Democracy in the Old Testament: An Essay on the Eve of its Decline

By Nestor Ravilas

Consider this as an introductory piece in a prodigious project on Theopolitic initiated by Penuel School of Theology. In hope that this maverick move will offer us alternative biblical readings, those that are done in humility, clarity, sophistication, and careful analysis of available data. This project was primarily motivated by the threat that evil prospers when good (wo)men do nothing against it. The same way we perceived that bad theologies will keep dominating the public discourse when good theologians are afraid to take the risk of antagonizing their financial benefactors. To be good, we know, is a presumptuous claim, struggling would be the modest posture Penuel people can take.

This undertaking agrees on majority opinion that democracy is in decline. Not because promoting a collective good is a bad idea, rather such goal is hard to promote than pursuing personal interest. History testifies that what primarily holds back the consummation of democratic imagination is the drive for personal interest. Friedrich Hayek needs a little prodding to make us believe that pursuant of collective good is dictatorial stance that cuts into our freedom to pursue our ultimate self-interest. It is unwise therefore to say that democracy is in decline, it was rather in perennial precariousness from the beginning of civilizations where personal interest is the natural human inclination.

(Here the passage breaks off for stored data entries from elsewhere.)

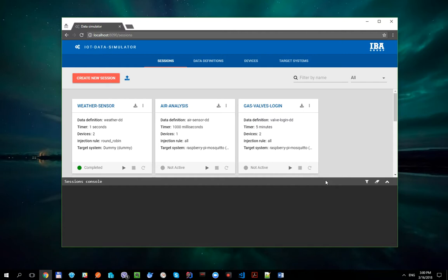So the first scenario where a device entity can be useful is when you need to emulate a payload from similar devices but with their own specific properties.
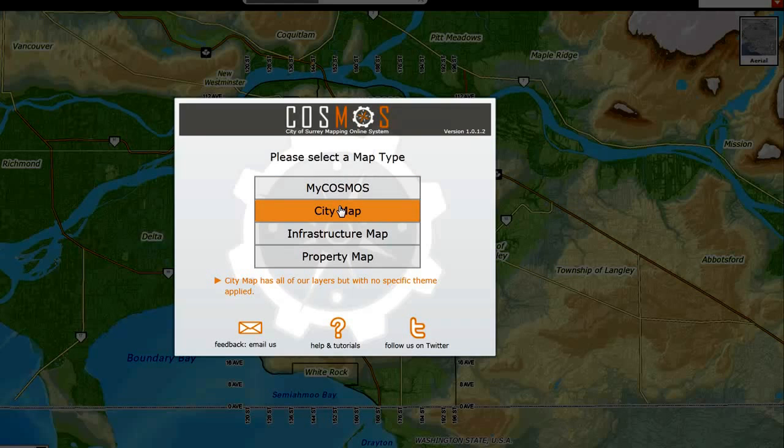Selecting City Map will turn on certain layers related to property and otherwise, but mostly just our basic information.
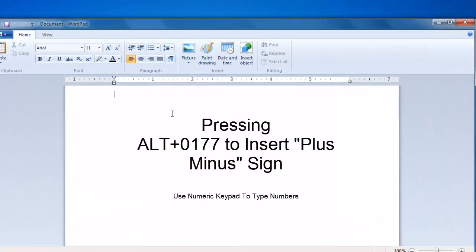So this way, you can memorize a few combinations for special characters that you use the most.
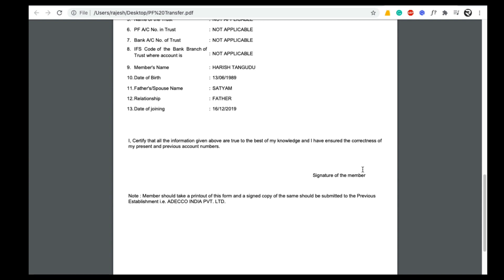After submitting all these forms to your previous employer, within 20 days your EPF amount will be transferred to your present EPF account. In the normal PF transfer process you don't need to submit these scanned copies of the form, Aadhaar, and PAN card to your previous employer, but in PF transfer from exempted to unexempted you need to submit these forms. So this is the small difference.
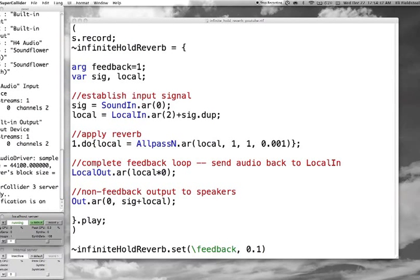Hey everybody. This is an updated version of an infinite hold reverb patch in SuperCollider that I uploaded a while ago, and one of my subscribers pointed out that it had some mistakes in it. I'm continually learning more and more about SuperCollider, so that means going back and rewriting a lot of old code. I've been meaning to get around to this for a while. Anyway, here it is.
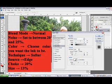Under Elements, the technique should be softer. The source should be set to Edge and the choke should be around 20 percent and the size around 13 pixels. The size determines how far into the image the spray goes. The choke affects the density of the inking. Adjust these two settings for different effects.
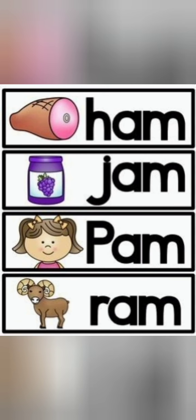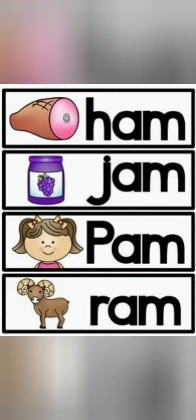Ham. Jam. Pam. Ram. Again. Ham. Jam. Pam. Ram.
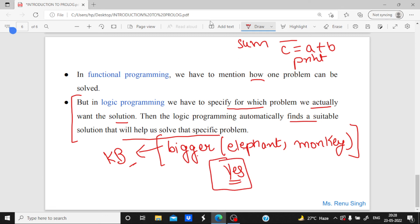So this is the difference between functional and logic programming, and the introduction to Prolog. If you really liked the video, please like, share, and subscribe to my YouTube channel. Thank you.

It was at this point that collective good has to be intentionally structured and politically supported. And it is in this structuring of Hebrew republic that Evangelicals obtusely missed in most of their theo-political discourses. While most sociologists and anthropologists appreciated much the innovative revolution Hebrew republic has done in response to the ancient “cosmological myth” which has exploited “personal interest” by mighty and strong leaders, we, Bible believing people, neglected this innovation and trapped instead into the idolatry of revering strong leaders as “divine representatives”.

Three things cited by most scholars that changed the field of political power by the establishment of Hebrew Republic which has been seen as basis in promoting “common good” against personal interest: (1) the driving off of God from the temporal world, (2) the Torah as law given by God, and (3) the creation of humans after the image of God. Despite the fact that there is an unsettling argument as to where did the records of early history of Israel compile and publish, let me proceed just the same discussing the three with tacit agreement that the political breakdown of the fall of two kingdoms and of the first temple and the subsequent exile were the political context of this revolutionary innovation.

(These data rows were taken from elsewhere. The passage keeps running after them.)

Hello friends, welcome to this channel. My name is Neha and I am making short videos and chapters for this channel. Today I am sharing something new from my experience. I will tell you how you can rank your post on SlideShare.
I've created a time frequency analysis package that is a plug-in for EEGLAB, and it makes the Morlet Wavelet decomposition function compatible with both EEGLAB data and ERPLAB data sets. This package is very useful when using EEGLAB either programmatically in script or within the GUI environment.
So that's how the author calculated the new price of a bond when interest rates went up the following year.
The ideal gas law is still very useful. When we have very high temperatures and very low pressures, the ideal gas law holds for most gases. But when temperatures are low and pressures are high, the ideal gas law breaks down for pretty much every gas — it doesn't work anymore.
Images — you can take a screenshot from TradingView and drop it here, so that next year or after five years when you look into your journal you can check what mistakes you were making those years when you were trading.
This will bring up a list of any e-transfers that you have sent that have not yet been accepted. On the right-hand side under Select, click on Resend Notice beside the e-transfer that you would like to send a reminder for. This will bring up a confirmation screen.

The removal of gods from the temporal world is not a surprising narrative. Divine history of early civilizations claimed their gods once walked on the planet earth then for mysterious reasons left the earth to humans. This does not say however that gods have abandoned completely the earth. The fusion of divine and political power remained in the figures of earthly leaders who claimed to be sired by the gods. Thus, in Egypt, where the Israelite claimed to be enslaved for many years, the pharaohs were fathered by Ammun-Ra. These leaders ruled as sovereign, which in early modern period perfectly defined by Jean Bodin as rulers whose power is absolute and perpetual.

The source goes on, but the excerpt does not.